Mit Blick auf konkurrierende – nationale oder soziale – Gesellschaftsentwürfe, unter anderem als Reaktion auf einen durch die EU letztlich systemisch forcierten Neoliberalismus, ließe sich formulieren, dass auch der heutige europäische Populismus die Nationen, die er zu einen vorgibt, spaltet. Die eigentliche Konfrontation in Europa heute ist keine nationale, sondern eine politisch-ideologische.
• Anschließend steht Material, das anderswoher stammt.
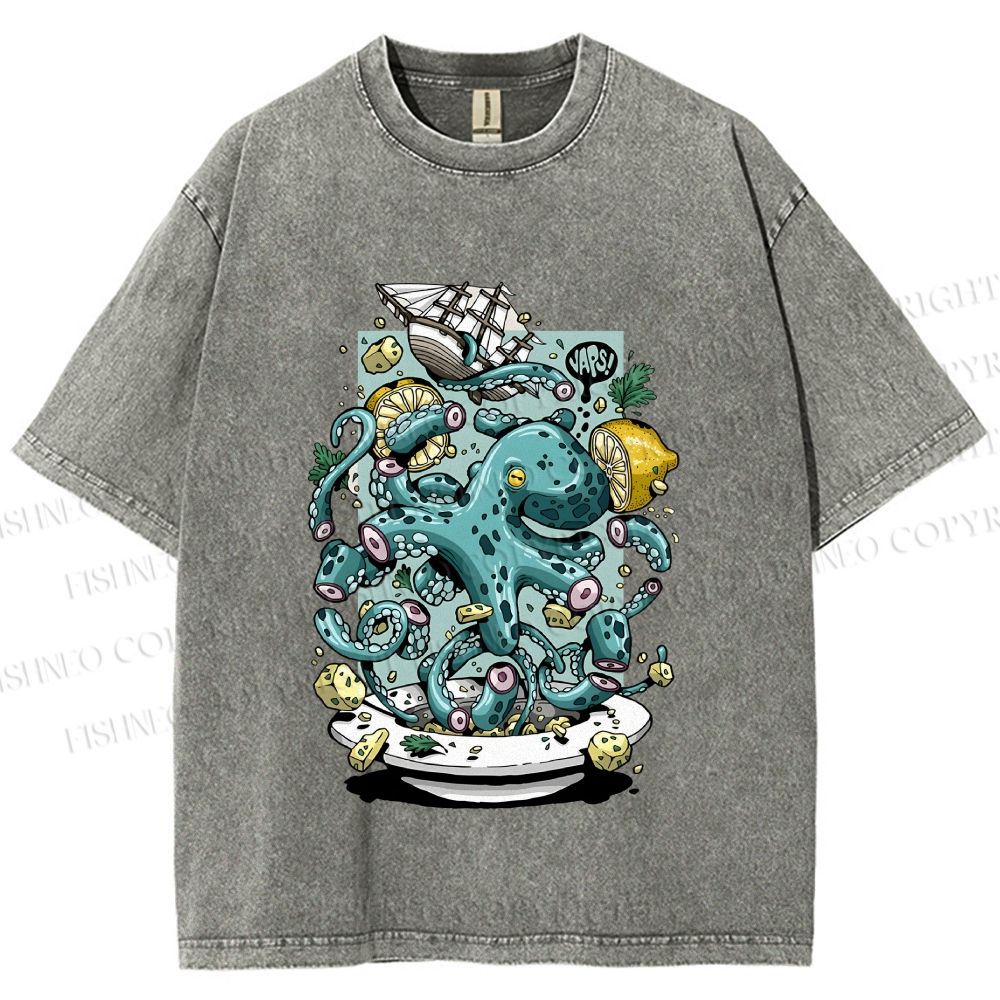 Unisex Green Octopus in Bowl Holding a Ship Printed Washed Tee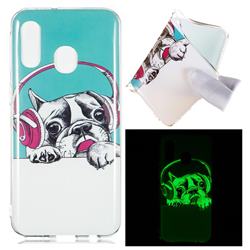Headphone Puppy Noctilucent Soft TPU Back Cover for Samsung Galaxy A40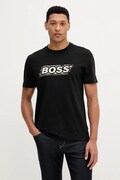 BOSS Orange tricou din bumbac culoarea negru, cu imprimeu, 50546381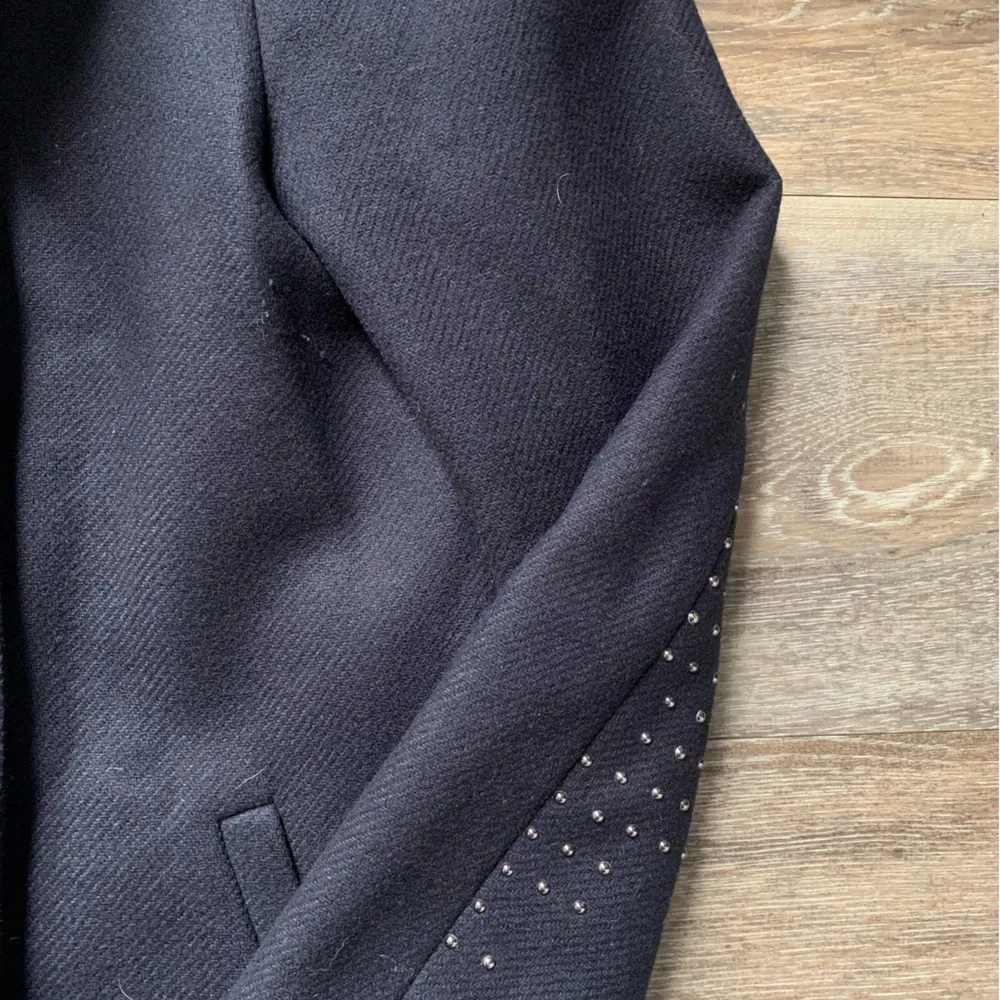 Zara Black Wool Blend Trench Coat with Studded Sleeves M - Image 2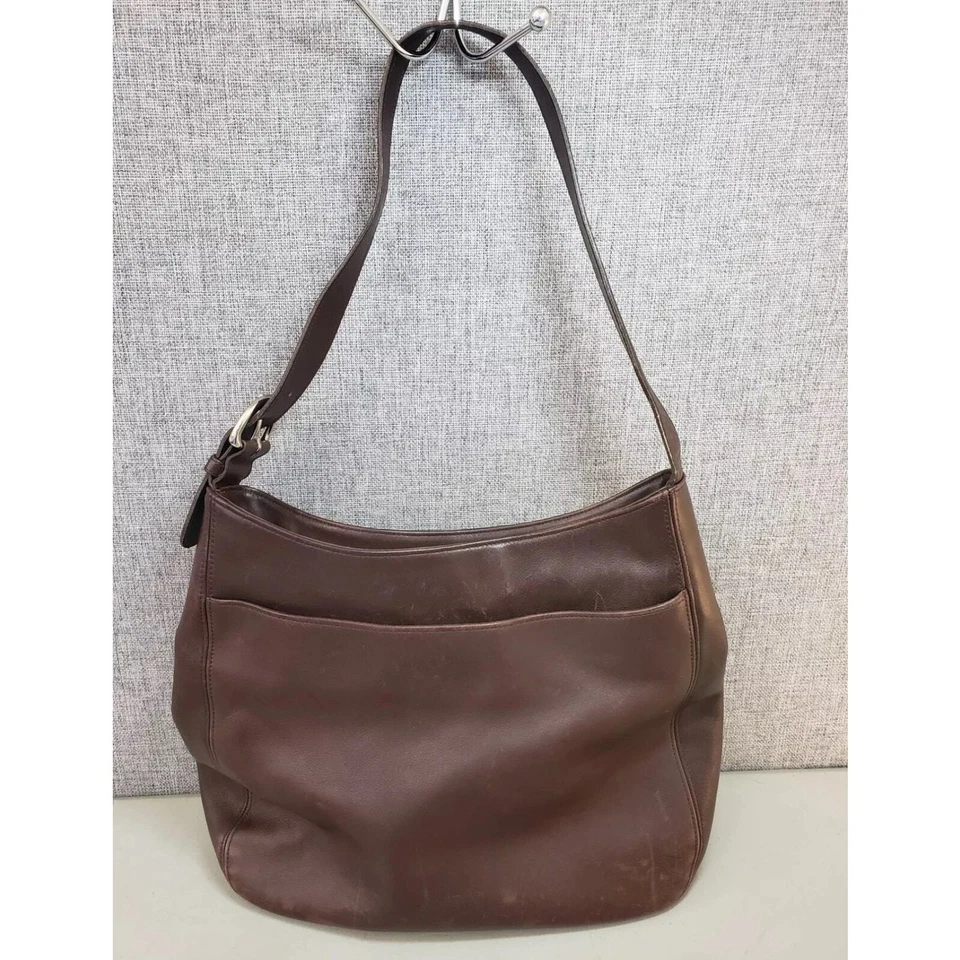 RARO Hombre Vintage Coach Bolso de Hombro Cuero Marrón 4139 Foto 2 de 4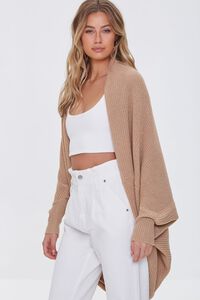 TAUPE Ribbed Open-Front Cardigan Sweater, image 1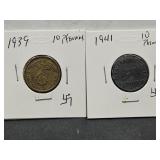 1939 & 1941 Nazi Germany Coins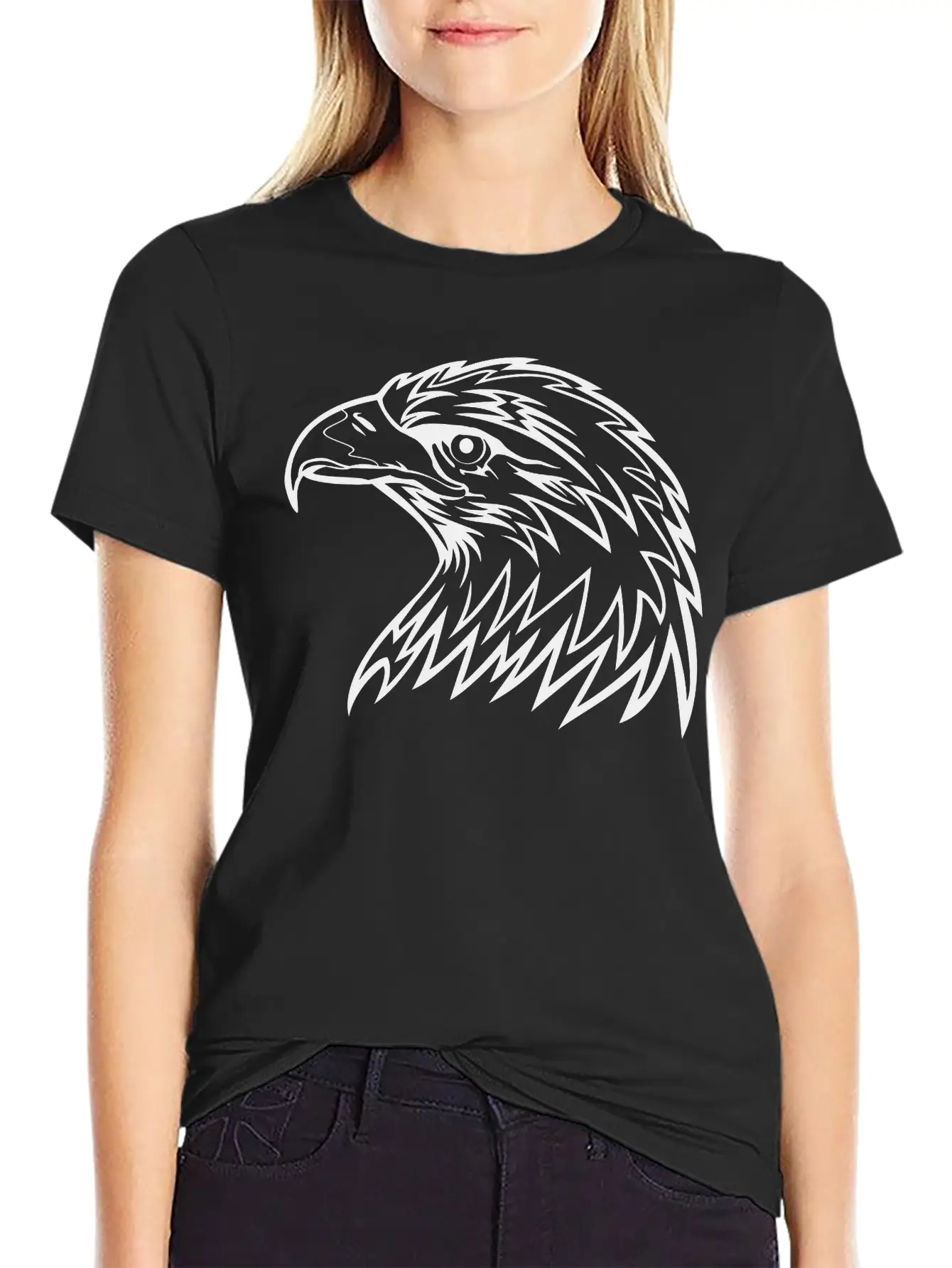 Eagle Head Art Unisex Casual T-Shirt – Clean Design For Daily Comfort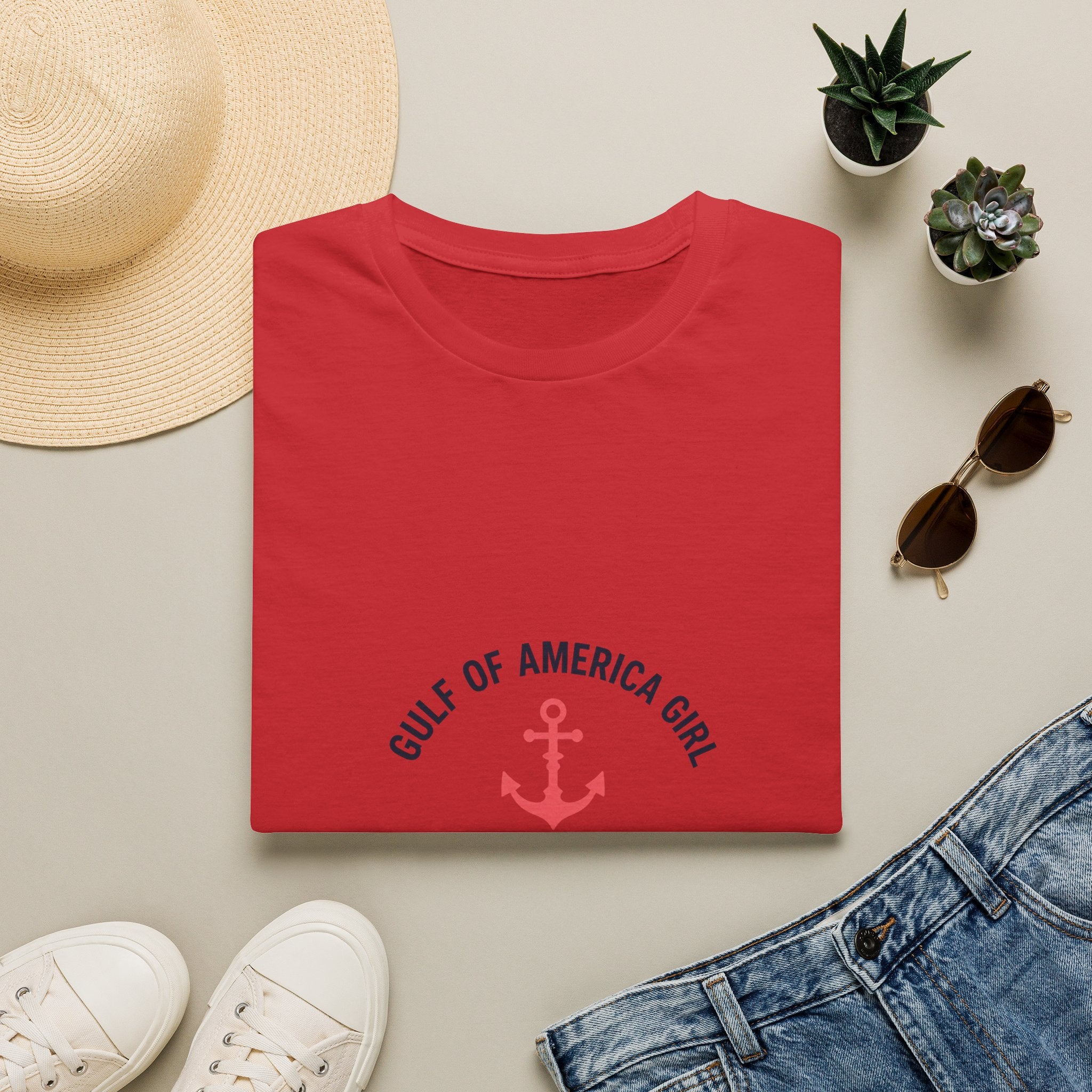 Gulf of America Girl Tee | Florida Boat Adventures Boating Lifestyle Shirt for Women | Gildan 6400 T-Shirt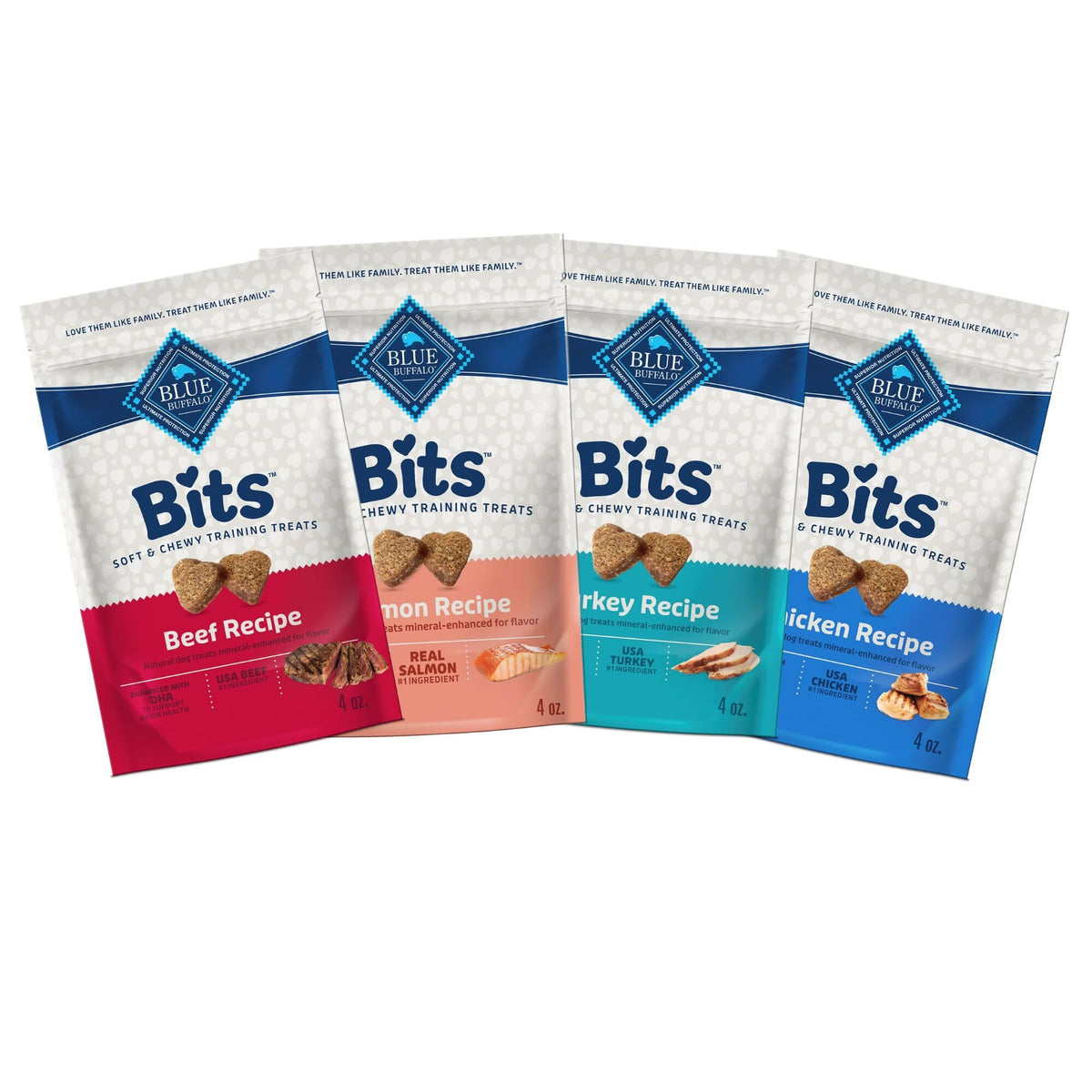 Blue Buffalo Blue Bits Natural Soft-Moist Training Dog Treats, Beef, Salmon, Turkey, And Chicken Recipes 4-Oz Variety Pack, 4Ct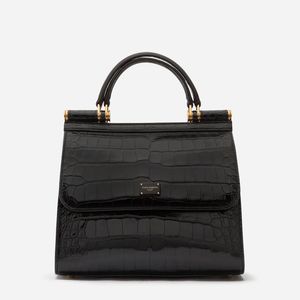 Medium Alligator Skin Sicily 58 Bag Dolce & Gabbana en coloris Noir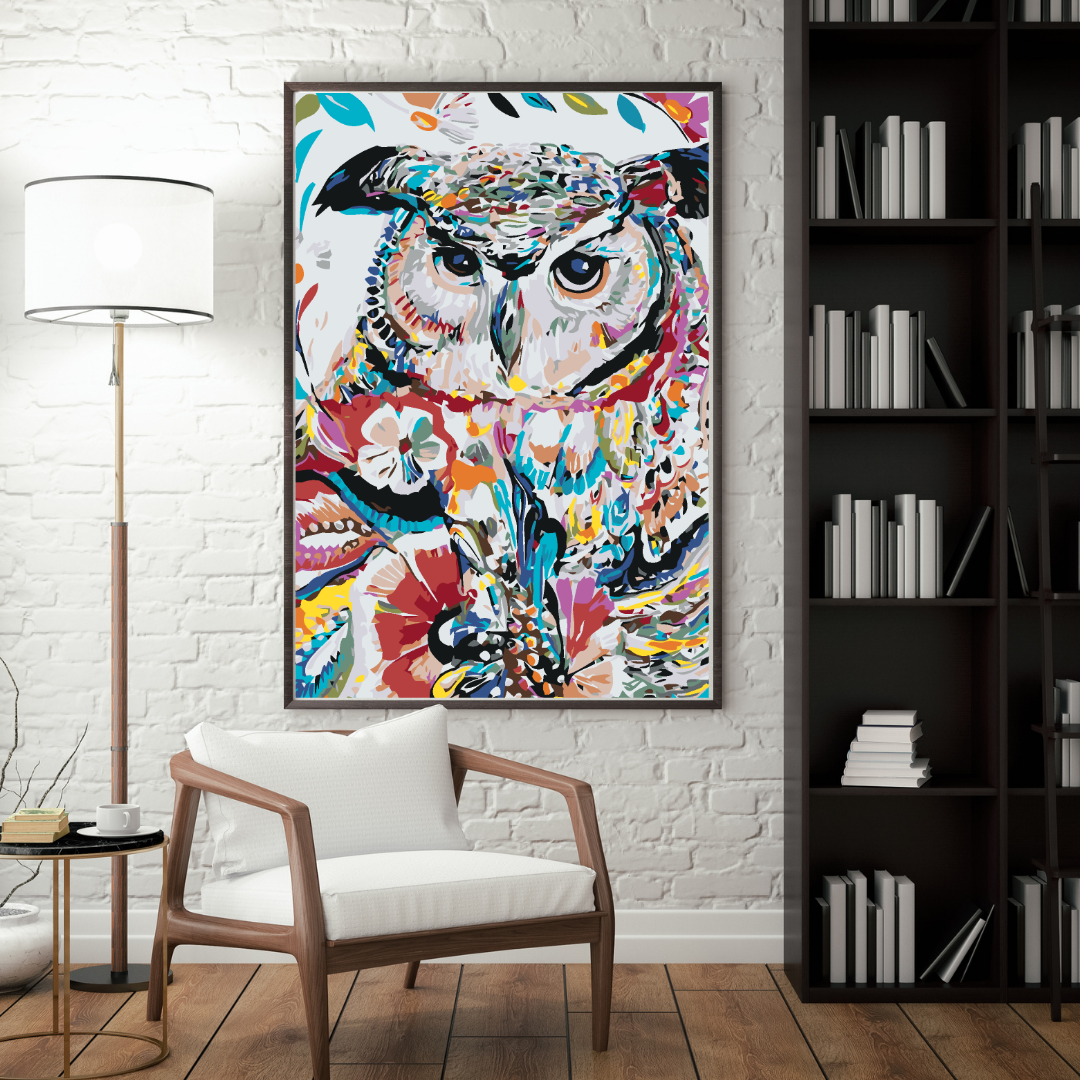 Malen Nach Zahlen - Blumige Eule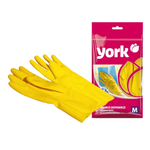 Перчатки резиновые с хлопковым напылением, (M) YORK
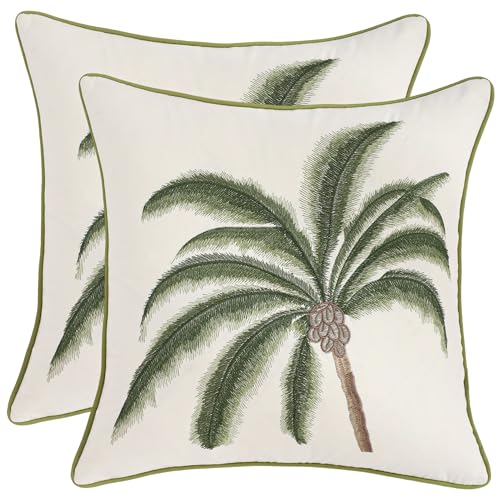 Embroidered Throw Pillow Covers 18x18 inch Pack of 2 Green Palm Tree | Ocean-Themed,Durable Fabric,Square Pillow Cover,Boho Decorative,Hidden Zipper,Aesthetic Design,Ideal Gift,Machine Washable - color: A Green Coconut Tree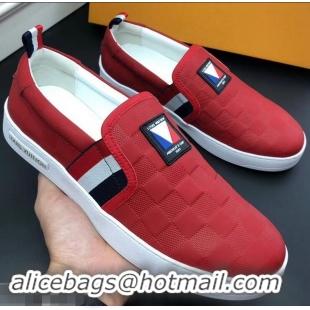 Classic Hot Louis Vuitton America's Cup Men's Slip On Sneakers LV96723 Red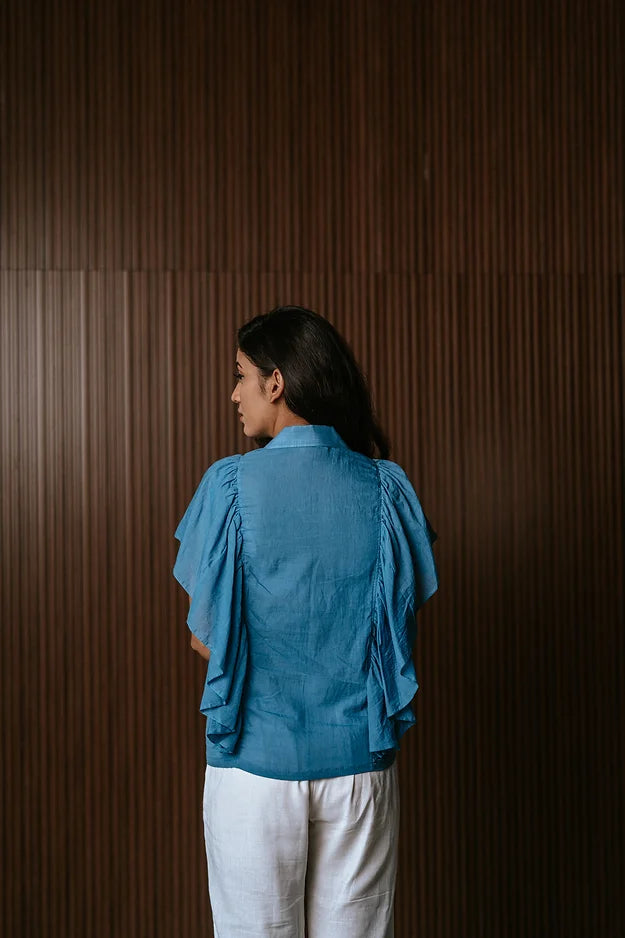 Indigo 100's shirt with frill sleeves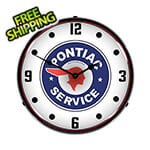Collectable Sign and Clock Pontiac Service Backlit Wall Clock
Überhaupt kann der derzeitige Europadiskurs als eine Art Rückkehr der Ideologien bezeichnet werden.

Es waren die Globalisierungsverlierer in den desindustrialisierten Regionen Nordenglands, die UKIP und mithin den Brexit befeuert haben, der von einer ökonomischen zu einer nationalen Frage umgedeutet wurde. Mit dem Brexit wollte sich Großbritannien vermeintlich seiner Identität versichern und vom europäischen Kontinent abgrenzen. Das Gegenteil wurde erreicht. Nichts ist heute so gespalten wie die britische Nation mit ihrer Aufteilung in die City of London, Schottland und Nordirland oder in urbane Jugend und ältere Landbevölkerung.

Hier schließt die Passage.